C'est le deuxième documentaire consacré au cinéma pour Victor Bonnefoy, cette fois accompagné à la réalisation de son collègue Thomas Combret, et pas des moindres : il s'agit de nous faire la rétrospective de près d'un an de salles de cinéma fermées en France à travers les témoignages de nombreux intervenants qui bossent dans le milieu.
La réalisation est plus sobre que le documentaire précédent du même réalisateur, moins typée "vidéo YouTube" aussi. Le montage a une certaine fluidité qui fait qu'on enchaîne les témoignages sans s'ennuyer. Après du côté de l'image, le film est si bavard qu'on peut se demander si ça aurait pu simplement passer en tant que gros podcast audio.
Bien que je ne souhaite pas du tout défoncer le film parce que les intentions derrière le projet sont largement louables et que le résultat est très loin d'être irregardable, il n'est pas dénué de défauts et gardez bien à l'esprit que tout ce que je vais énumérer là c'est plus pour être constructif qu'autre chose, sinon j'aurais descendu le film avec ma note.

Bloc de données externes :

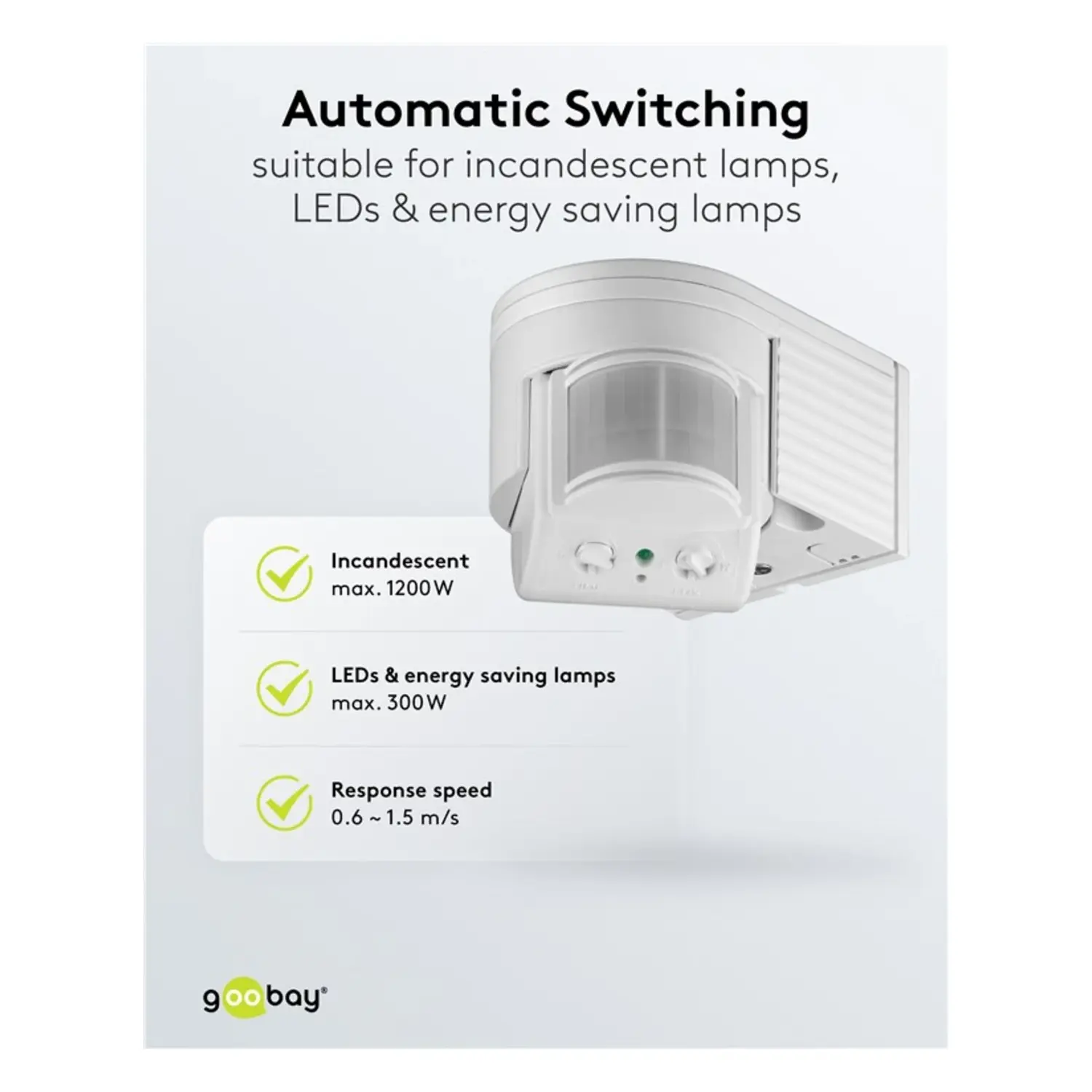 immagine Rilevatore Movimento Infrarossi Crepuscolare IP44 Bianco | 220-240V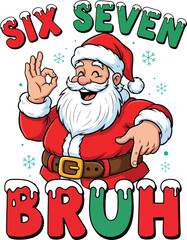 Six Seven Bruh Santa Illustration with Hand Signs and Snowflakes – Funny Christmas Cartoon Design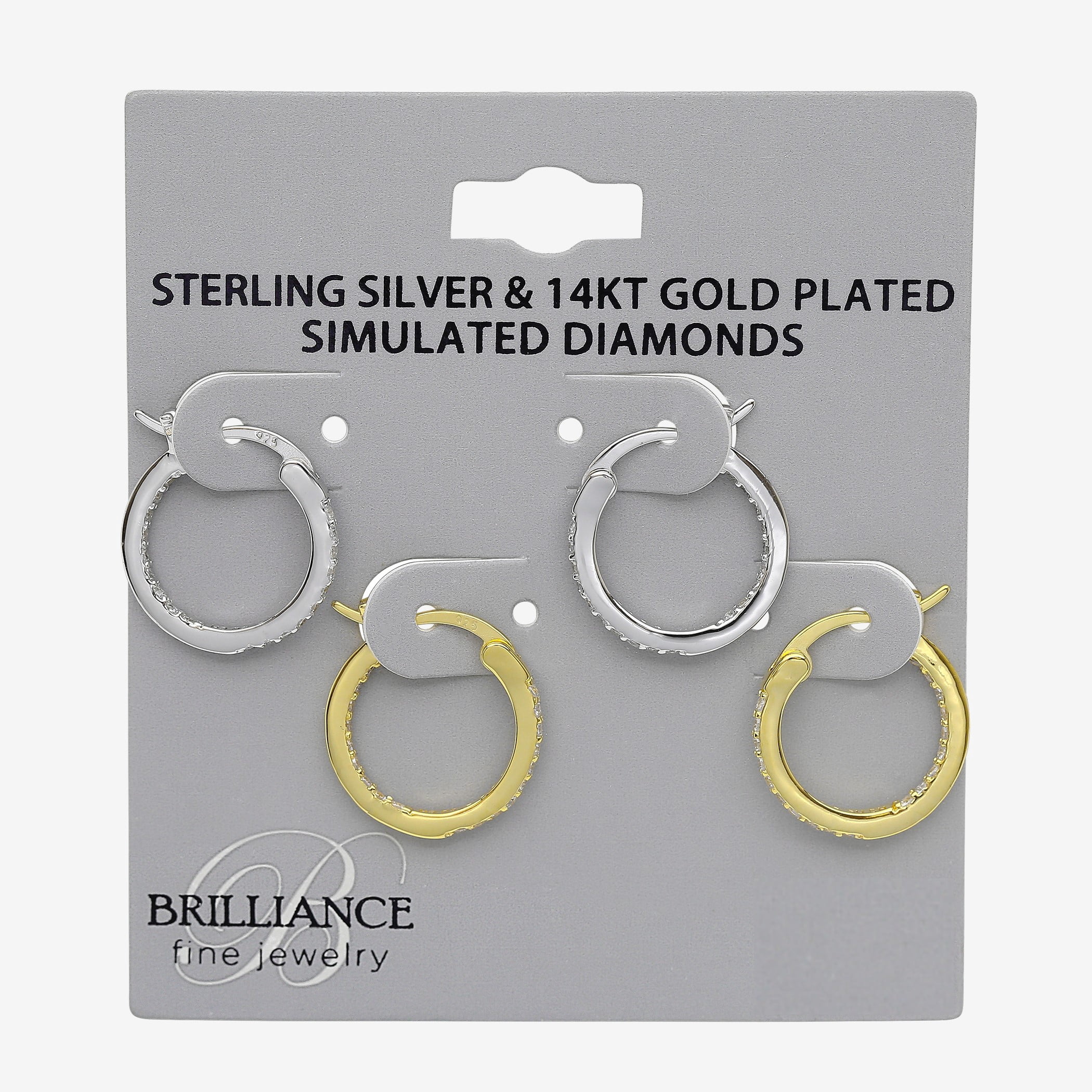 Brilliance Fine Jewelry Adult Simulated Diamond Duo Hoop Earring Set in Sterling Silver and 14KT Gold Plated - Image 4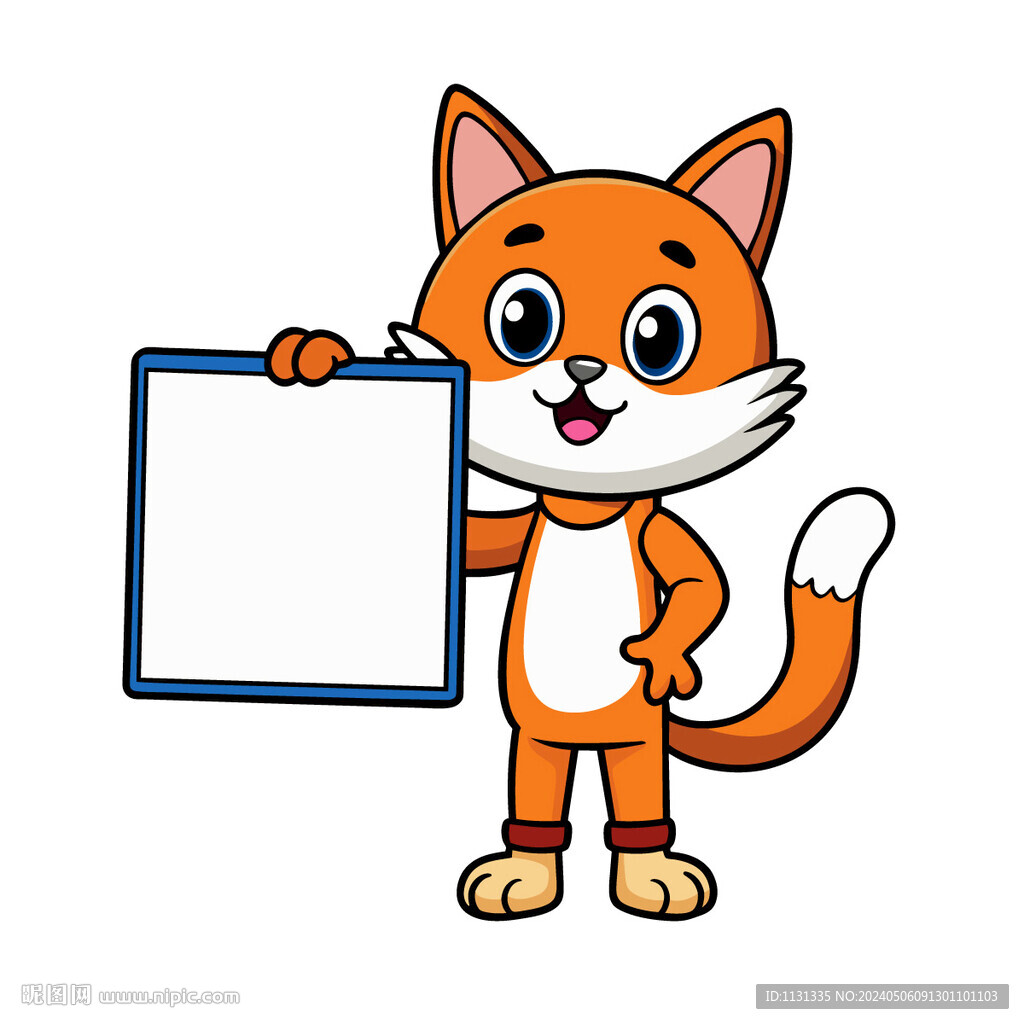 矢量动物拿告示牌的小猫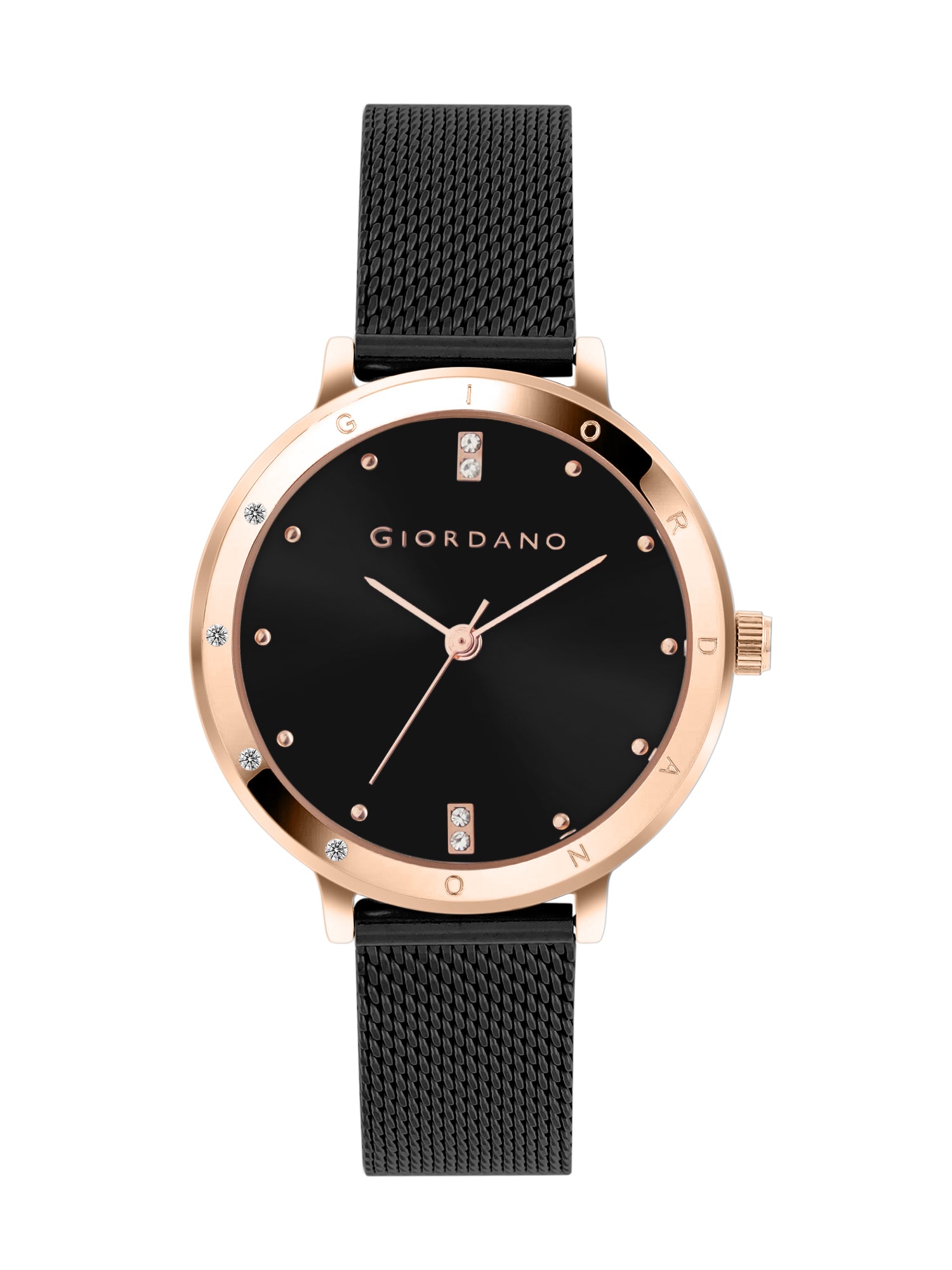 Giordano Analog Watch for Women with Round Black Sunray Dial, Crystal Studded Bezel, Quartz Movement and Black Stainless Steel Mesh Strap A2085-55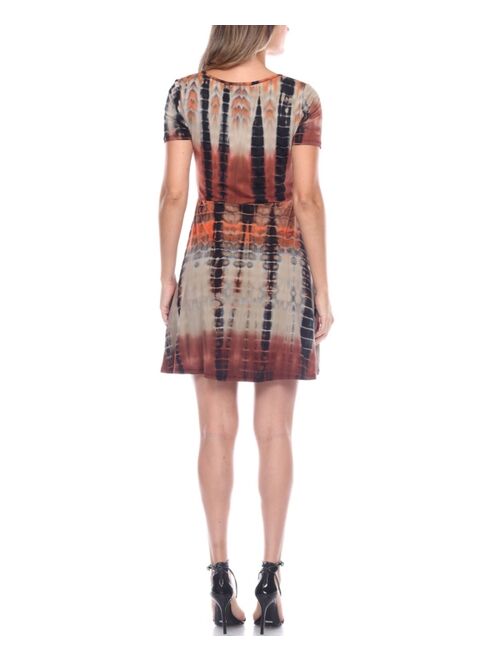 White Mark Women's V-neck Wrap Dress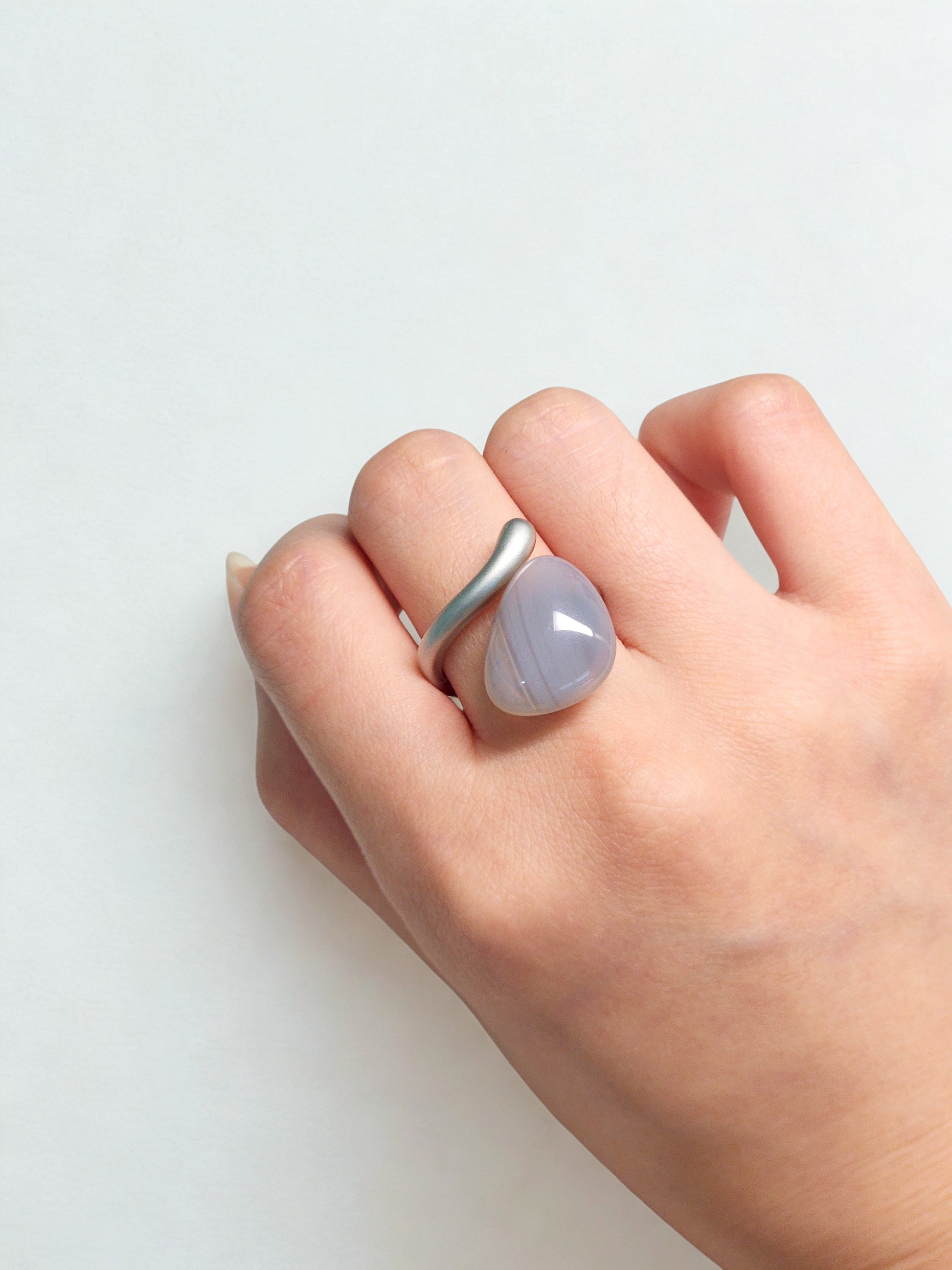 Korean Jade Hanbok Ring - Adjustable Open Band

Déjà c'est un parti pris mais bon c'est le côté égocentrique de Victor qui s'exprime : se filmer dans une salle de cinéma en train de regarder des extraits de CNews, des César ou du JT de TF1 n'apporte rien. Je comprends qu'esthétiquement c'est un peu plus classe que d'enchaîner des passages de chaîne d'infos en continu entre les témoignages des différents intervenants, mais en dehors de ça quel intérêt ? Je veux dire, que Bertrand Tavernier se filme face caméra pour parler de films français qu'il adore entre deux extraits de films, pourquoi pas, mais là je ne pense pas qu'il était vital qu'on voit le réalisateur face caméra, surtout que ces passages n'enrichissent pas le propos du film.
Maintenant parlons du propos du film parce que là encore il y a un hic, mais c'est inhérent aux travaux de Victor Bonnefoy, le fait de poser une question sans y répondre vraiment, un manque de point de vue. Là encore c'est un parti pris, et je trouve ça mieux géré que dans le documentaire Genre c'est du cinéma puisqu'ici on a pas des interrogations en l'air qui font que le spectateur va se dire "Ça fait réfléchir" une fois le long-métrage terminé, mais à la place on a une collection de témoignages de gens qui bossent dans le milieu du cinéma et vont parfois se contredire entre eux. D'ailleurs le documentaire nous habitue tellement à cette pluralité d'opinions que dès que tout le monde se rejoint plus ou moins sur un même sujet (le piratage par exemple), j'avais envie de voir un contradicteur débarquer. Un peu comme dans A Day in the Life of America de Jared Leto, comme on empile les témoignages les uns sur les autres, à la fin on obtient quelque chose de plutôt factuel, mais on a pas le vrai point de vue du réalisateur sur le sujet traité, ça ne transparait pas et ça me perturbe toujours un peu quand je regarde un documentaire.
D'ailleurs certaines interventions sont bien salées, Bachelot en prend plein la tronche, Jonathan Barré m'a beaucoup surpris par rapport à la façon dont il parle de Netflix, on évoque le piratage mais aussi le milieu de la distribution. Tout cela est fondamentalement passionnant, mais les propos sont dilués dans un documentaire qui ne respecte pas forcément l'ordre chronologique des événements et ça donne un côté fouillis à l'ensemble. On passe d'un sujet à un autre parfois sans transition particulière et j'aurais du mal à expliquer comment le documentaire a été construit. Au début je pensais que c'était plutôt linéaire puisqu'on part du début de l'année 2020, puis on parle du deuxième confinement très vite après le premier, avant qu'un intervenant n'évoque la première réouverture de l'an dernier...
Ce n'est clairement pas un film parfait, mais il a été réalisé rapidement et pour la bonne cause. Le fait de laisser beaucoup de place aux intervenants permet aussi au film d'être un témoignage de ce moment précis qu'on a vécu l'année dernière, mais du côté de l'industrie cinématographique en France. Et rien que pour ça, ça vaut le détour.